### REQUIRED WORK
From the line with "I'd like to" to the line with "Hold. Inhale: 2, 3, 4, 5.", retype each line exactly as it stands in the records below, but skip the pictures.
BEGIN AVAILABLE RECORDS
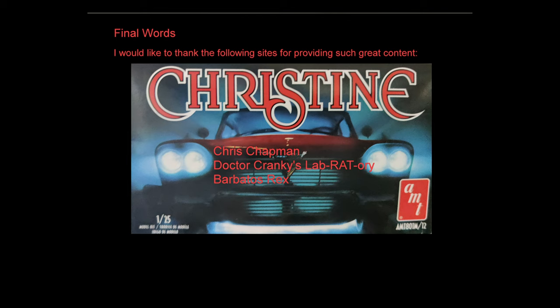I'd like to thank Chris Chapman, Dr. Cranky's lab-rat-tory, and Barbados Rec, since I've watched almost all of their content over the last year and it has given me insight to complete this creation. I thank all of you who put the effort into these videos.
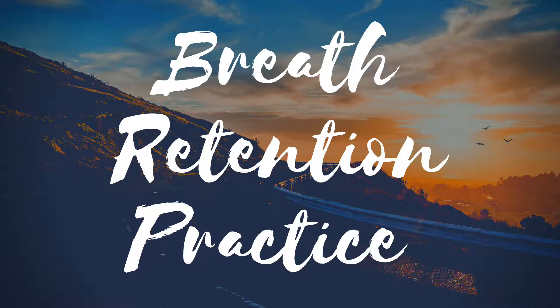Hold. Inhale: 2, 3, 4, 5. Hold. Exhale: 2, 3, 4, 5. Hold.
END AVAILABLE RECORDS
BEGIN AVAILABLE RECORDS
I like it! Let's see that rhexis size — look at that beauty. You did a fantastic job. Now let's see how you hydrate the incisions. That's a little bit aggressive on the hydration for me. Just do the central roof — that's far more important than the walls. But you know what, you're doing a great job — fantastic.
END AVAILABLE RECORDS
### ANSWER FOR THIS EXERCISE
I'd like to thank Chris Chapman, Dr. Cranky's lab-rat-tory, and Barbados Rec, since I've watched almost all of their content over the last year and it has given me insight to complete this creation. I thank all of you who put the effort into these videos.
Hold. Inhale: 2, 3, 4, 5. Hold. Exhale: 2, 3, 4, 5. Hold.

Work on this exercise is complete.